Onchain Data at Scale

The Spaces brought together Valeria (Walrus) with Matt (Allium), Sheev (Tatum), and Albert (BlockPi) to unpack what on-chain data infrastructure looks like in practice and why decentralized storage matters for institutions, developers, and AI agents. Allium positions itself as the institutional “system of record” for on-chain finance, emphasizing verifiable delivery and fine-grained, programmable access via Walrus and SEAL on Sui. BlockPi detailed its bare-metal, globally distributed RPC and snapshot services, explaining how Walrus eliminates the classic tradeoff between low-cost bare metal and high-cost cloud for archive snapshots while boosting resiliency. Tatum outlined its data and RPC tooling, public-good raw datasets (blocks/tx/logs) and historical prices on Walrus, and how this slashes historical backfilling from weeks/months to hours—critical for analytics and AI. The panel explored requirements for scaling agentic and AI workloads: semantic, high-quality data; verifiability; machine-speed economic interfaces; and reliable operator networks. They highlighted unexpected advantages from Walrus, including mature dev tooling and Sui-native blob lifecycle events as verifiable “data-ready” signals.

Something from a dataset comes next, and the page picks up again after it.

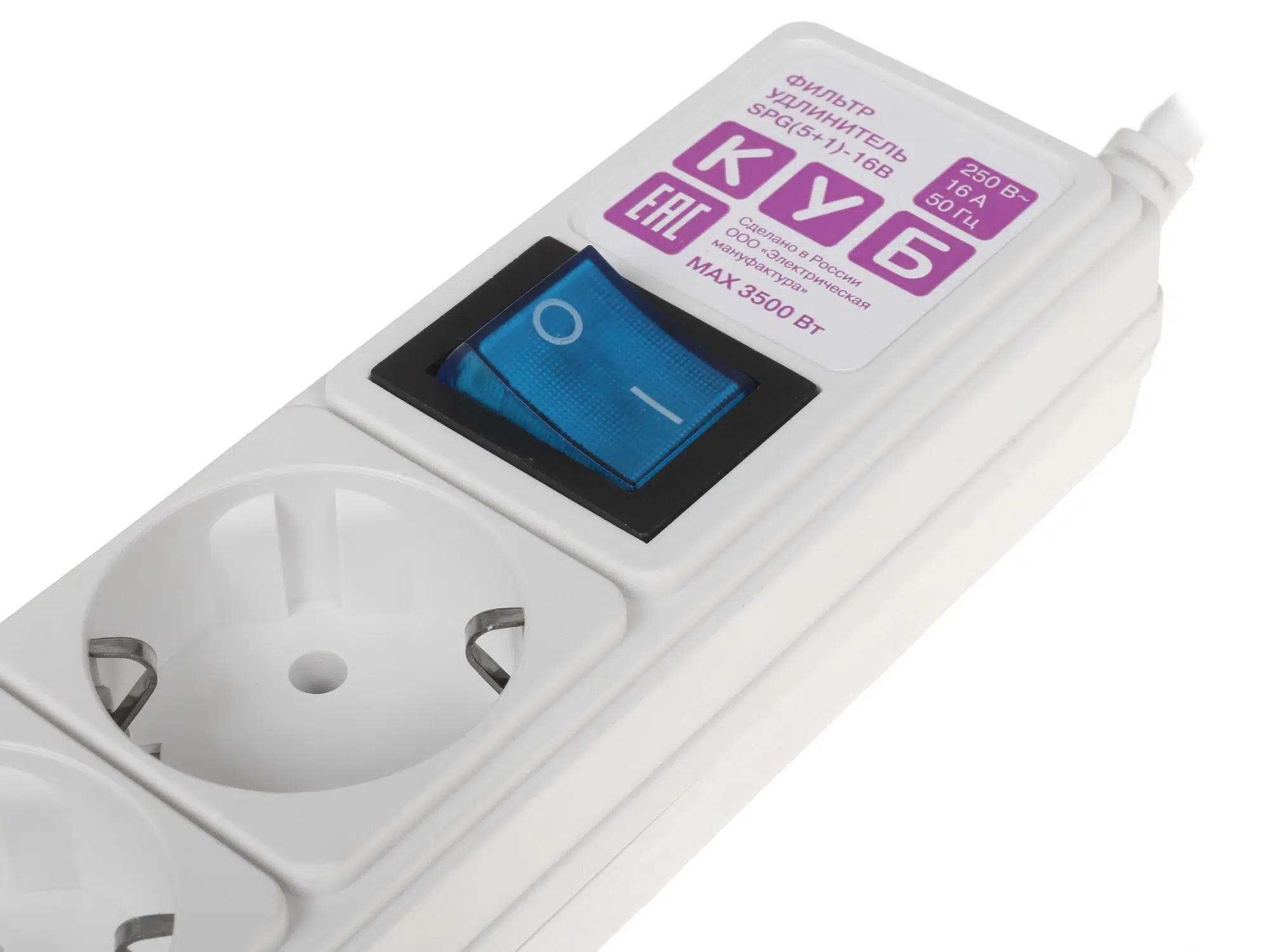 Сетевой фильтр Powercube SPG(5+1)-16B-3M-WHITE 3м (6 розеток) белый (коробка) — изображение 4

Concluding, each shared roadmaps (stablecoin rails, RWAs, richer notifications, expanded snapshots) and advised builders to pilot non-critical workloads on Walrus now to gain cost, availability, and trust advantages.

Unchained Data Infrastructure at Scale: Walrus + Allium, BlockPI, Tatum

Session overview

  • Host: Valerie (Walrus). Purpose: explore real-world on-chain data infrastructure, why decentralized storage matters, and why teams chose Walrus as their data layer for AI builders and institutions.
  • Guests:
    • Matt (Allium) — building the system of record for on-chain finance; enterprise-grade, enriched blockchain data across 130+ chains.
    • Albert (BlockPI; referred to in the session as Block Pile/Blockai/“block pie”) — global bare-metal Web3 infra provider offering RPC, snapshots, indexing, and advanced APIs.
    • Steve (Tatum; transcription alternates Shift/Sheeve) — developer tooling for on-chain data and RPC across 120+ networks; real-time alerts, gRPC, and curated datasets.
  • Core theme: moving from “trusting” centralized data delivery to “verifying” via decentralized storage and programmable access, to meet the needs of institutional workflows and AI agents.

What each project does

  • Allium (Matt)

    • Mission: “system of record” for on-chain finance, analogous to Bloomberg for crypto-native markets where assets, payments, and settlement move on-chain.
    • Problem: raw blockchain data is not human-readable, fragmented across hundreds of chains, missing business context; inconsistent standards; compliance/reporting blockers.
    • Solution: ingest major chains; enrich with entity labels, metadata, asset classifications; deliver via APIs, data-warehouse integrations (e.g., Snowflake, BigQuery), and web app.
    • Market context: stablecoins becoming real payment rails; tokenized equities/RWAs moving from pilots to production; workflows need canonical, auditable on-chain sources of truth.
  • BlockPI (Albert)

    • Global infra: bare-metal nodes across 30+ locations (NA/EU/APAC) with proprietary load-balancing for predictable performance.
    • Offerings: advanced APIs (archive access, real-time event streams, price feeds), indexing pipelines, Li.Fi integration (cross-chain aggregation), and dedicated nodes (isolated infra, no rate limits/caps).
  • Tatum (Steve)

    • Developer tooling: data insights (wallet balances/tx/activity; contract/tx insights), real-time alerts with advanced filtering, and RPCs across 120+ networks (recently expanded Sui with gRPC).
    • Value prop: simplify Web3 development via straightforward data APIs, notifications, and reliable MEV-secured infra; serving payment networks, banks, governments, protocols, and enterprises.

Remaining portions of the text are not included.